Recent data from nonpartisan American fact tank Pew suggests Gen Z also show signs of being more liberal when it comes to their views about the role of the government, compared to their older counterparts.
In Pew's latest survey, 70 per cent of Generation Z members said they believe the government should do more to solve problems, compared to 64 per cent of millennials who said the same.
Generation Z is defined, by the research centre, as those born from 1997 to 2012 and will be aged 7 to 22 in 2019.
Meanwhile, millennials are said to have been born from 1981 to 1996 and will be aged 23 to 38 this year.
A similar number of the two generations appear to concur, however, when it comes to issues regarding President Trump, diversity, and global warming.
According to the data, 29 per cent of millennials approve of the president’s job performance, compared to 30 per cent of Generation Z.
Meanwhile, 62 per cent of millennials support NFL players kneeling during the National Anthem to protest racial injustice, which is similar to the 61 per cent of those from Generation Z.

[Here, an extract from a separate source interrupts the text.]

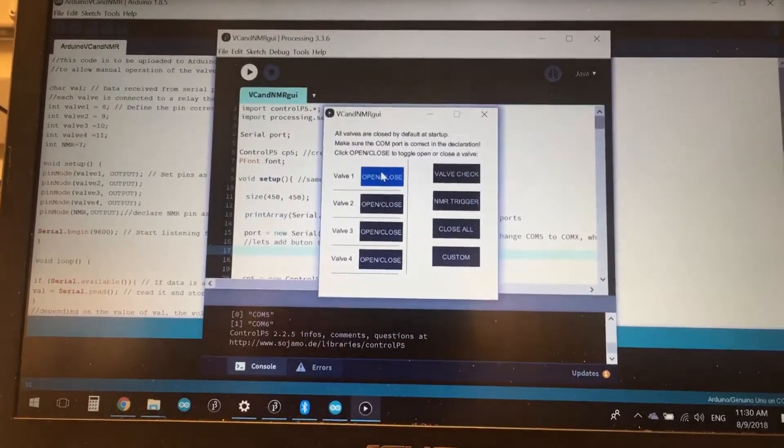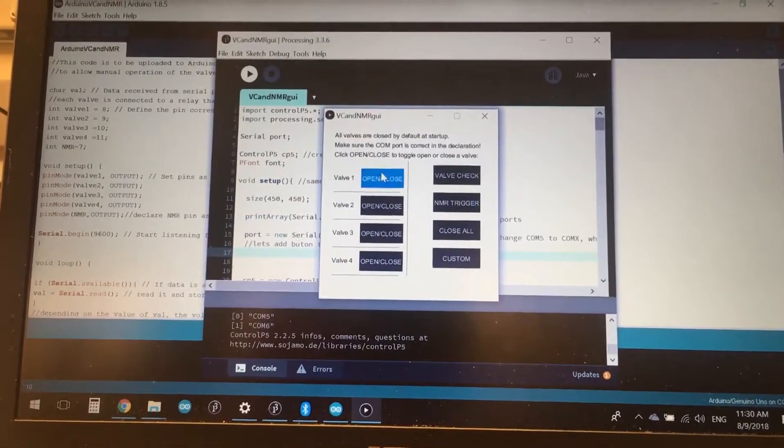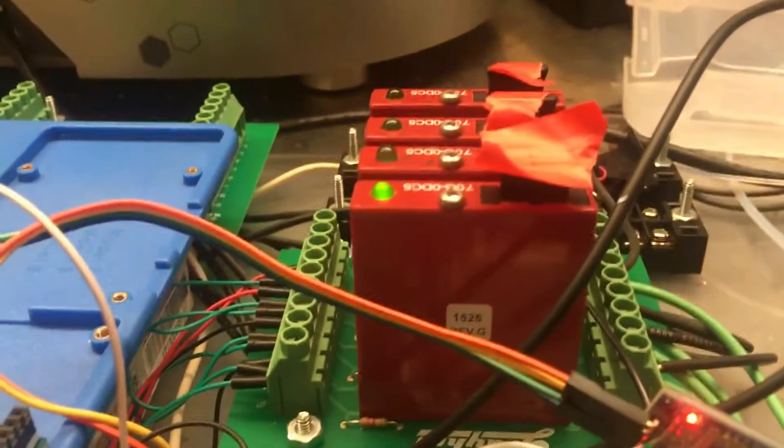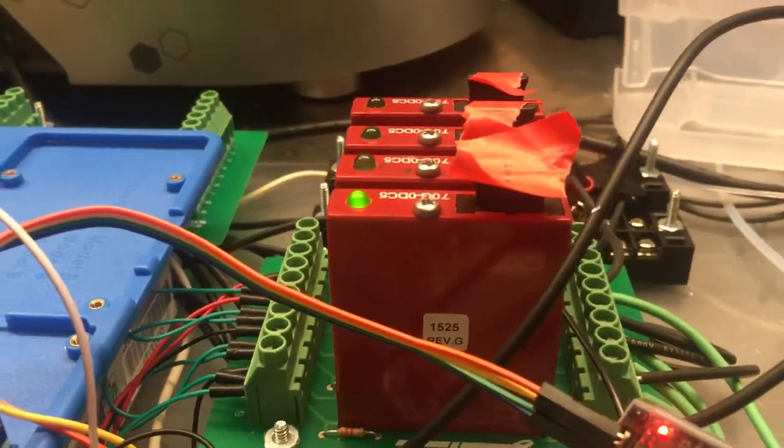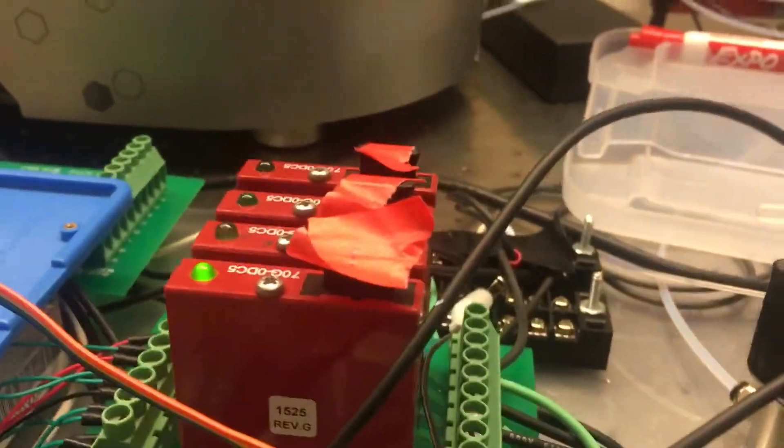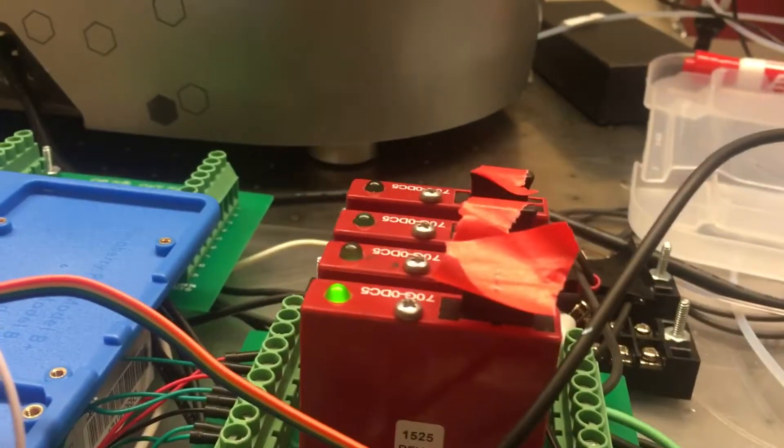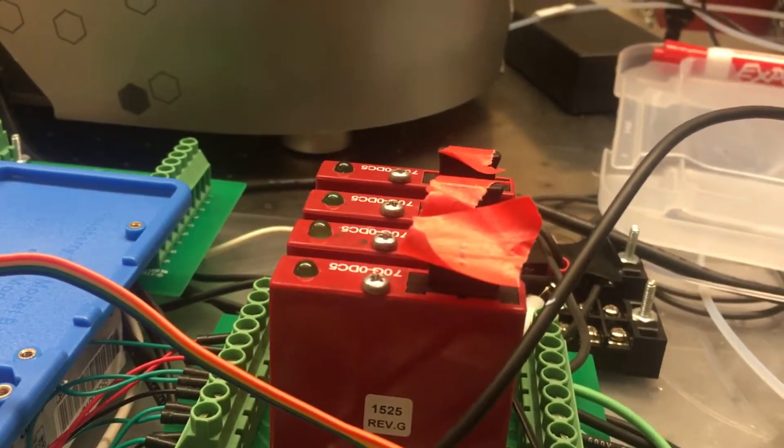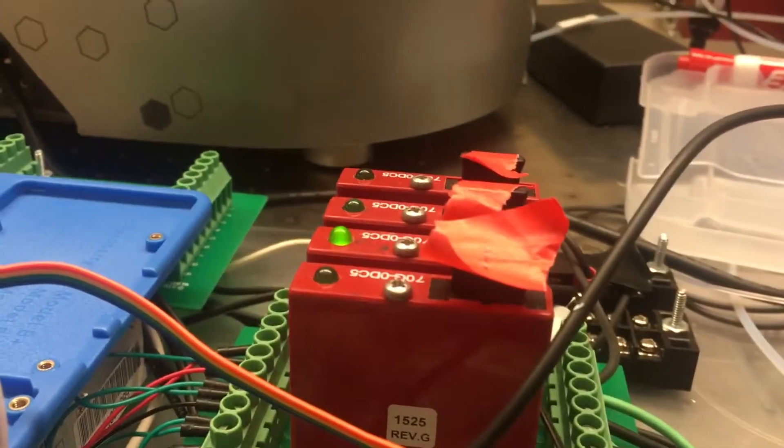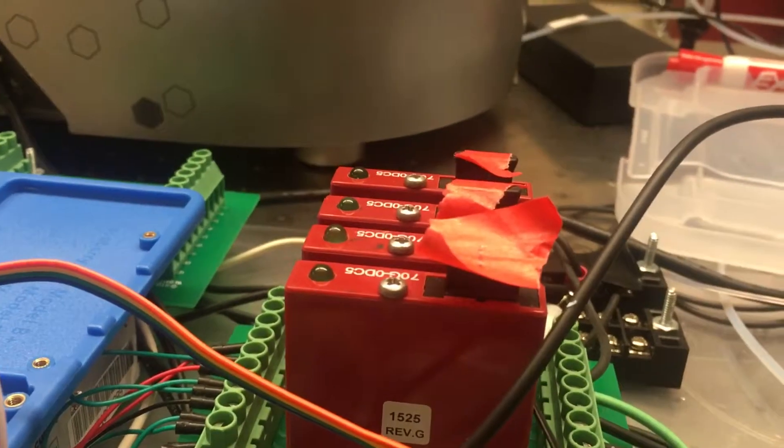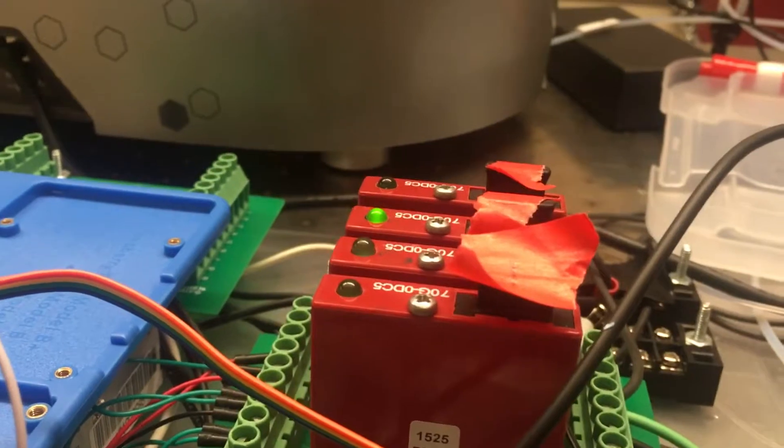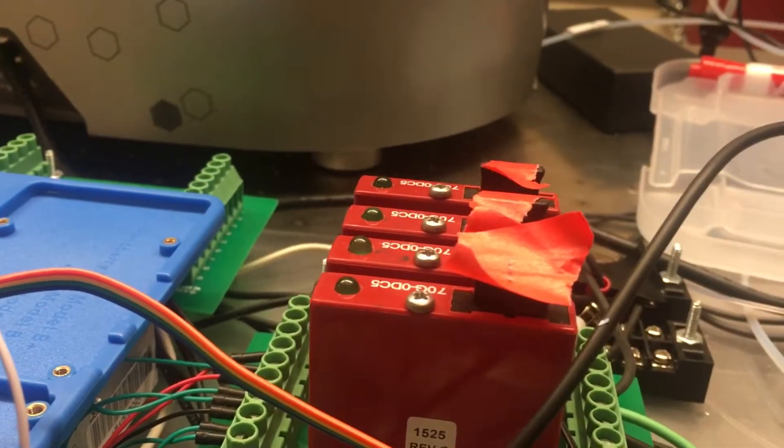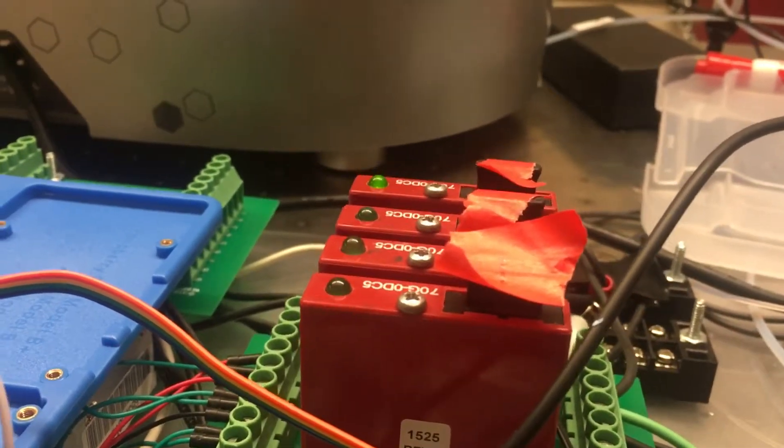So if we go to valve one, for instance, we click open, we can now see that the light here is open, and if I click close, it closes it wirelessly. We can do the same for valve two, three, and four.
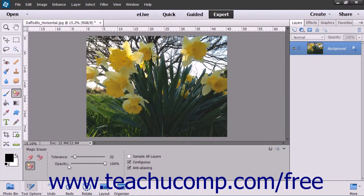Use the Opacity slider to adjust the opacity of the erased pixels. A 100% opacity will completely erase all of the selected pixels. A lower opacity will only partially erase the pixels.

A similar trope appears when it comes to Generation Z and millennials views' on the Earth getting warmer due to human activity, with 54 per cent and 56 per cent in agreement, respectively.
What’s more, 84 per cent of both millennials and Generation Z believe that same-sex marriage is either a good thing or doesn’t make a difference.
The data comes from two online surveys using probability-based panels.
The power of Generation Z’s voice most notable came to the forefront of the populous’ attention in February 2018 when activist Emma Gonzalez passionately addressed a gun control rally.
The teenager delivered the speech days after a gunman entered her school in Parkland, Florida and killed 17 people.
A month later, the Parkland survivor took to the stage at the March for Our Lives rally in Washington and listed the names of those killed.
TIME magazine later named Gonzalez one of their ‘100 Most Influential People’ for 2018, with former president Barack Obama honouring the 19-year-old and her fellow outspoken survivors following the shooting.
In a letter for the magazine, Obama described the students as having “the power so often inherent in youth: to see the world anew; to reject the old constraints, outdated conventions and cowardice too often dressed up as wisdom”.
“The power to insist that America can be better.”